With less policy and regulations to govern the platform, owners that moderate their boards have minimal interaction from site administration. As a result, the site has been linked to child pornography, white supremacism, neo-Nazism, the alt-right, racism and anti-Semitism, hate crimes, and multiple mass shootings.

This in turn made 8chan full of controversies.

It was in August 2019 that 8chan went offline, in the aftermath of the back-to-back mass shootings on August 3 and August 4, 2019, in El Paso, Texas, and Dayton, Ohio, respectively.

At that time, the site's network infrastructure provider Cloudflare stopped providing its content delivery network (CDN) service. Voxility, a web services company that had been renting servers to Epik, the site's new domain registrar, as well as Epik's CDN provider subsidiary BitMitigate, also terminated their service.

Then in November 2019, 8chan returns, and rebranded as 8kun.

8chan - 8kun

This started in in October, when 8chan’s administrator and owner, Jim Watkins, posted a new logo under the 8kun brand.

The logo has a snake which resembles that of the Gadsden flag, that forms a shape of number 8.

Watkins returned 8chan as 8kun after his testimony before the U.S. Congress in September. At that time, Watkins said the racist content is only posted by "a small minority of users" and that he "has no intention of deleting constitutionally protected hate speech."

He also said that site was "offline voluntarily", and it "may" return once it had developed tools to counter illegal content. However, Watkins said that site had "no intent of deleting constitutionally protected hate speech."

On October 9, 2019, 8chan's official Twitter account instructed board owners who wish to migrate to 8kun to send their "shared secrets" (a tool that enables board owner to recover an 8chan board) to an email address at 8kun.net.

8kun has a warning to tell users not to post content that's illegal in the U.S..

Fredrick Brennan, founder and the original owner of 8chan before Watkins, opposed the site’s return saying the administrators are incompetent.

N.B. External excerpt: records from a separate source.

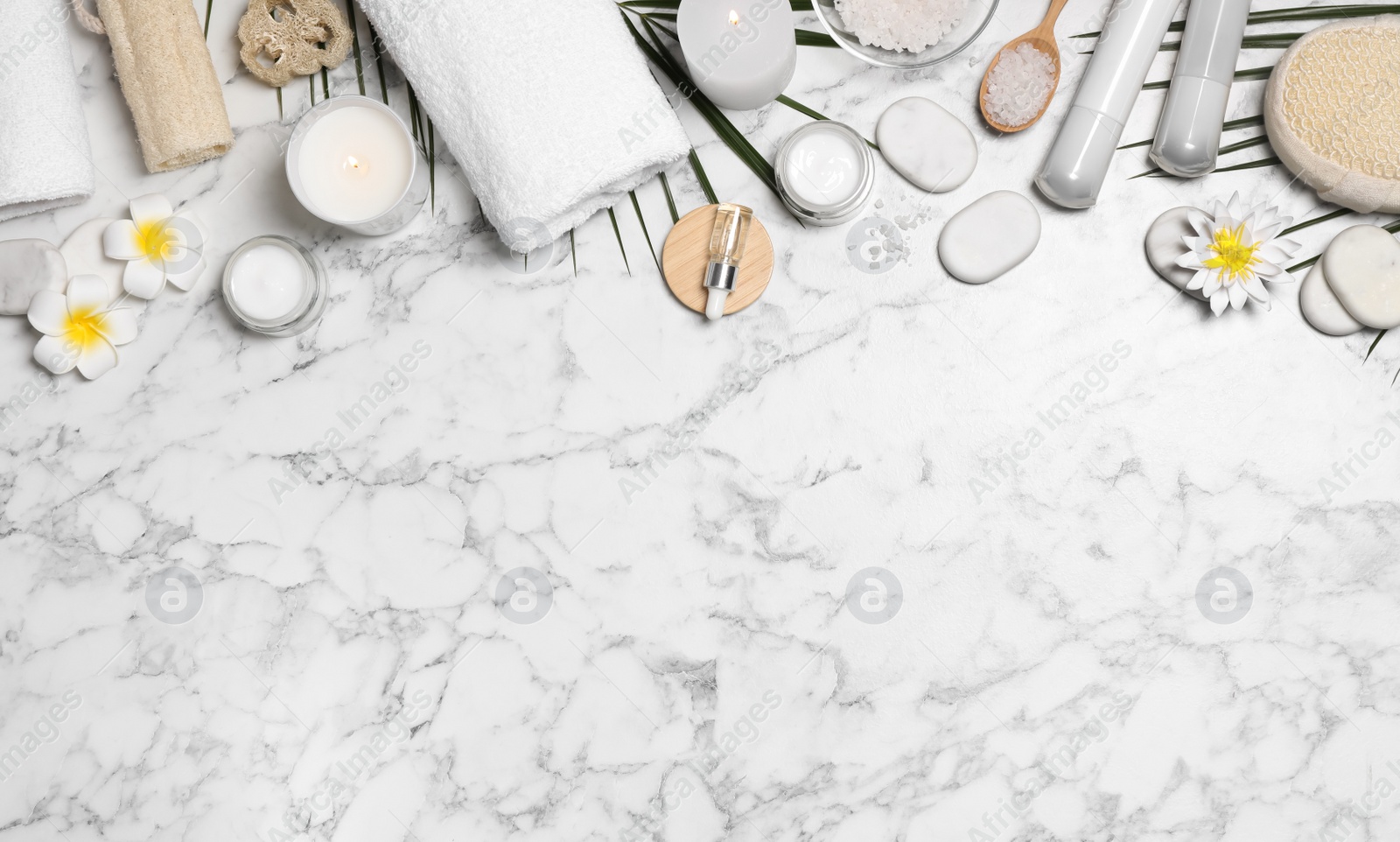 Photo of Flat lay composition with spa essentials on white marble background. Space for text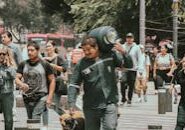 pexels-photo-27174507 This <a href="https://www.pexels.com/photo/a-man-carrying-a-dog-on-a-leash-in-a-busy-city-street-27174507/">Photo</a> was taken by <a href="https://www.pexels.com/@ezkol-arnak-221099453">Ezkol Arnak</a> on Pexels.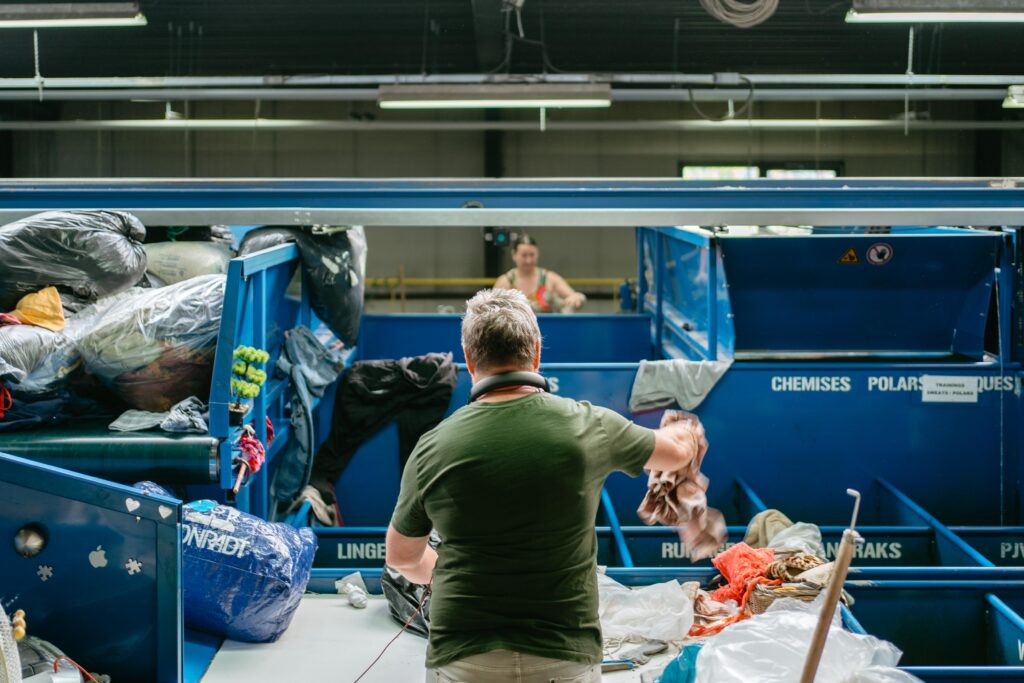 Une personne de dos devant des bacs de tri de vêtements lance un vêtement dans un bac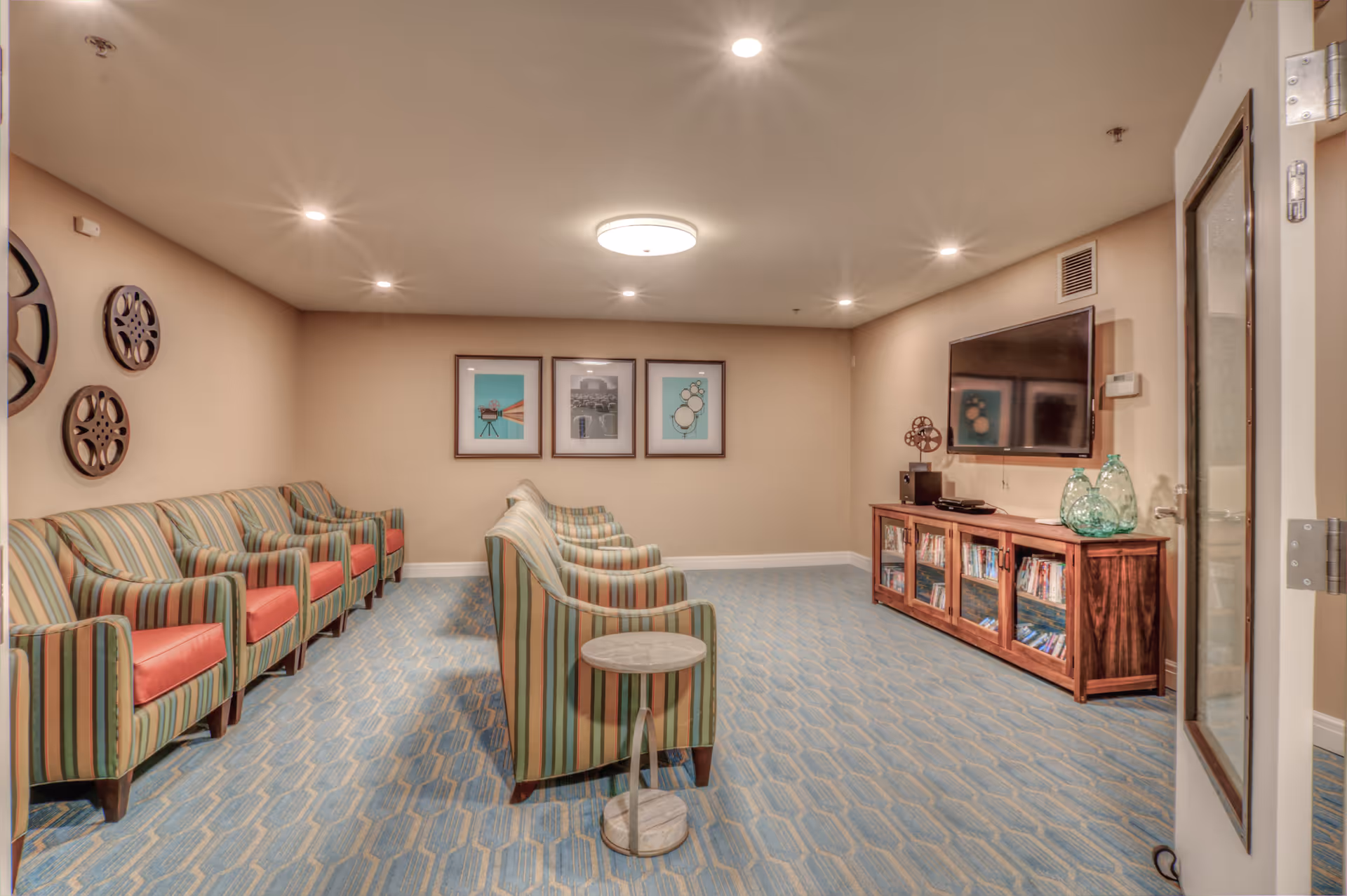 A cozy living room area in Northgate Plaza with striped armchairs arranged in two rows facing a wall-mounted flat-screen TV. The room has beige walls decorated with framed pictures and vintage film reels. A wooden cabinet below the TV holds DVDs and decorative glass vases. The floor is carpeted with a blue patterned design, and the ceiling has recessed lighting and a central light fixture.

Brennan has long been against 8chan, especially after a failed project of redesigning 8chan, and after 8chan became darker than ever. Here, Brennan vocally opposed 8chan's relaunch, claiming the effort will not change the reputation previously associated with 8chan, and also citing his troubled relationship with 8chan administrators.

Brennan has also said that the success of 8kun will depend on the return of QAnon, a far-right conspiracy theory.

While the Watkins family tried to launch 8kun, Brennan tried to block their effort in order to keep QAnon away.

8kun was set to launch in October 17, 2019, but the attempt was delayed as British server provider Zare discontinued its support, claiming that the team behind 8kun may have provided false details while registering themselves.

Days later, the rebranded site again experienced problems when its domain registrar pulled the plug. Domain registrar Tucows said N.T. Technology, the parent company of 8kun and 8chan, had violated its services agreement.

But still, the struggling site remains live. Among the several ways 8kun tries to return, is by using the open protocol called Lokinet. The network that is based on a fork of the Monero cryptocurrency called Loki, functions like the privacy-protecting Tor network.

"We have been under sustained attacks the past few days and doing everything we can to get things stable again," Ron Watkins reported. "The site is still online—albeit limping along—as we reorganize and restructure to deflect attacks coming from many angles."